None of these recommendations have been implemented by the state party.5.
Sri Lanka as the state party has also failed to implement any of the recommendations made by the CAT Committee on November 23, 2005 (CAT/C LKA /CO/1/CRP.2). The Committee recommended to strengthen the Human Rights Commission of Sri Lanka, to appoint under the Constitution the National Police Commission and also to establish a public complaints procedure as required by the Constitution, that effective measures to ensure the fundamental safeguards for persons detained by the police are respected including the right to habeas corpus, the right to inform a relative, access to a lawyer or a doctor of their own choice and the provision of information about their rights; bring domestic legislation to implement the principle of non-refoulment in terms of article 3 of the convention; ensure that acts of torture become subject to jurisdiction in Sri Lanka even regarding non Sri Lankan citizens who have committed torture outside Sri Lanka but are present in the territory of Sri Lanka; allow independent human rights monitors including HRCSL full access to places of detention including police barracks without prior notice and set up a national system of review on the basis of such monitors; cause prompt and impartial and exhaustive investigations into all allegations of violations of torture, ill treatment and disappearances committed by law enforcement officers, particularly by the police; prosecute offenders without impunity; ensure that procedures are in place to monitor the behaviour of law enforcement officials and promptly and impartially all allegations of torture and ill treatment including sexual violence with a view to prosecuting those responsible; take necessary measures to ensure that justice is not delayed; take effective steps to ensure that all persons reporting acts of torture or ill treatment are protected from intimidation and reprisals in making such reports; provide programmes for witness and victim protection; establish a reparation programme including treatment of trauma and other forms of rehabilitation; take necessary action in a comprehensive manner and to the extent possible in the circumstances to prevent abduction and military recruitment of children by the LTTE.
None of these recommendations have been implemented by the state party.6.

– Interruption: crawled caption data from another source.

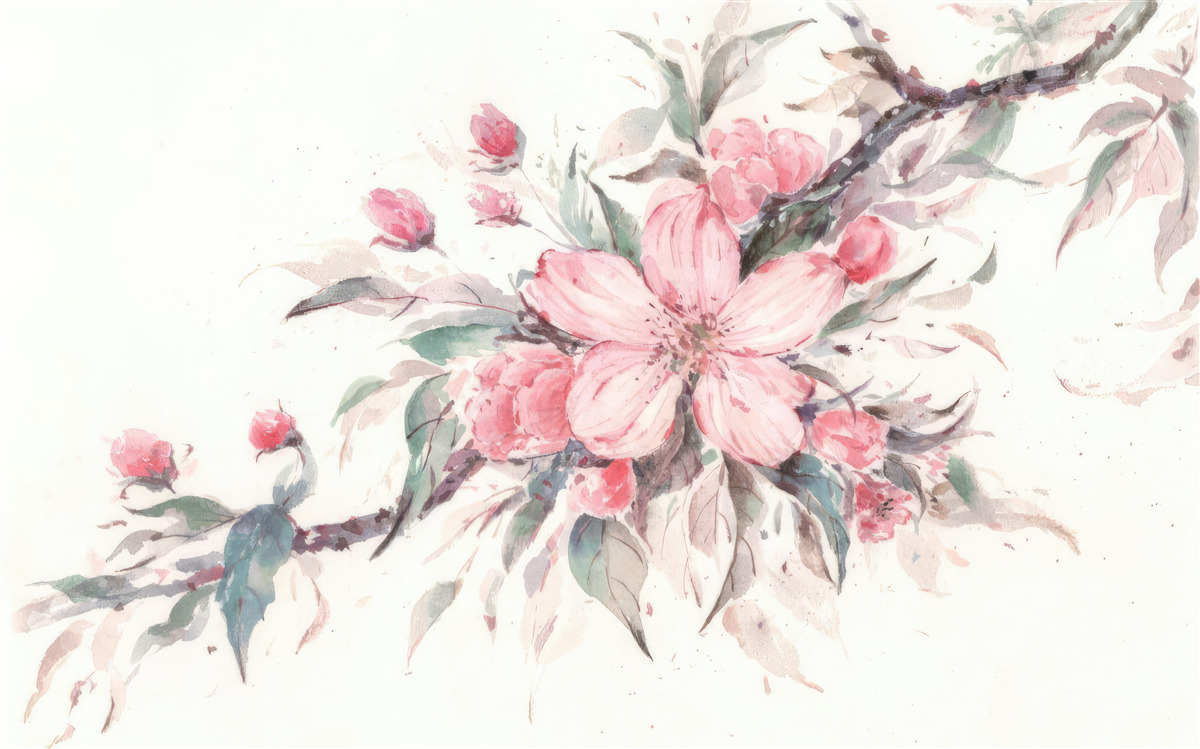 Fototapeta konárik s rozkvitnutým ružovým kvetom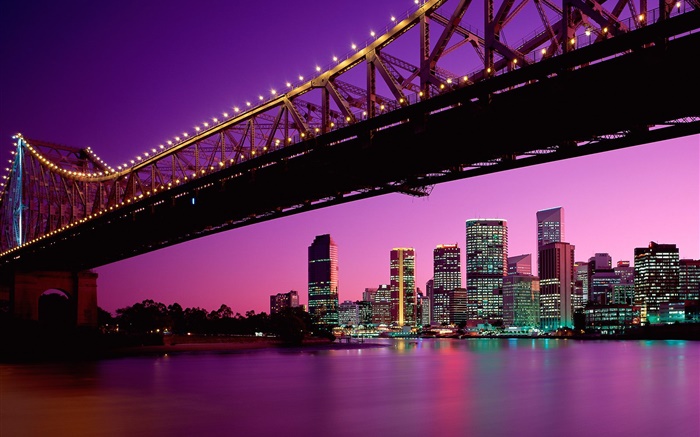 City, bridge, buildings, lights, Australia Wallpapers Pictures Photos Images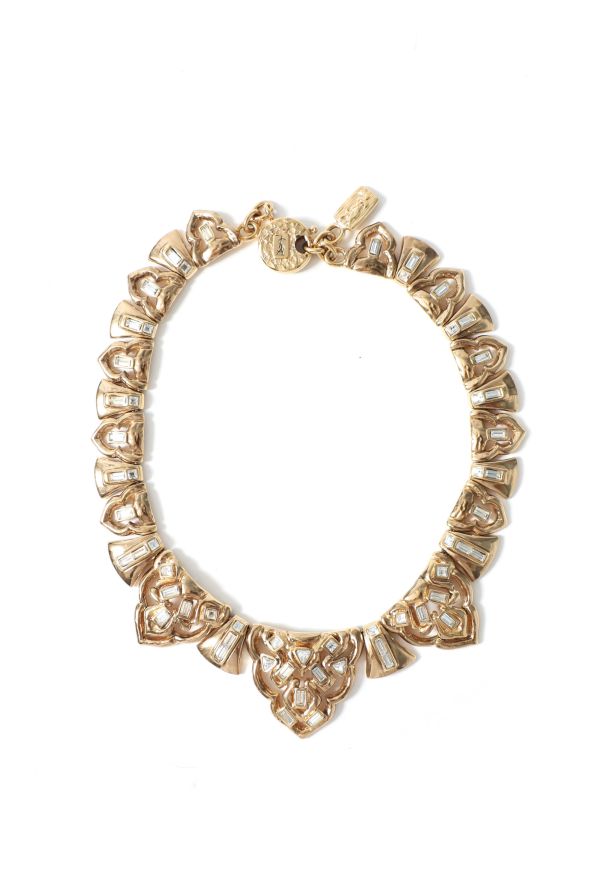 Saint Laurent Vintage Strass Embellished Collar Necklace - 1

The failure of state party to respect its international obligations and also the failure to implement the Human Rights Committees views and recommendations of UN human rights bodies has placed the citizens in an extremely helpless situation. It is commonly admitted even by the state authorities that the rule of law situation is at its lowest ebb at the moment. Extreme forms of torture including death in police, military and prison conditions are a frequent feature in all parts of the country. In the north and east there are massive acts of violence done by the agencies of the state, the LTTE and other militant groups which the UN High Commissioner for Human Rights and the UN Rapporteur against Disappearances have described as gross abuses of human rights. What is worse is that there are no effective authorities to ensure that people have access to institutions to make complaints and/or to have them investigated. As for the monitoring of human rights there is a near total absence of it. Due to the failure to appoint the Constitutional Council the commissioners who lead several leading monitoring bodies cannot be appointed in conformity with the Constitution. As such there is almost complete impunity due to the lack of investigations and this situation encourages further violations of human rights.7.
The UN High Commissioner for Human Rights, the Rapporteur for extrajudicial killings, Amnesty International, Human Rights Watch, the International Commission of Jurists and the Asian Human Rights Commission and several human rights watchdogs have called for a UN mission for the monitoring of human rights.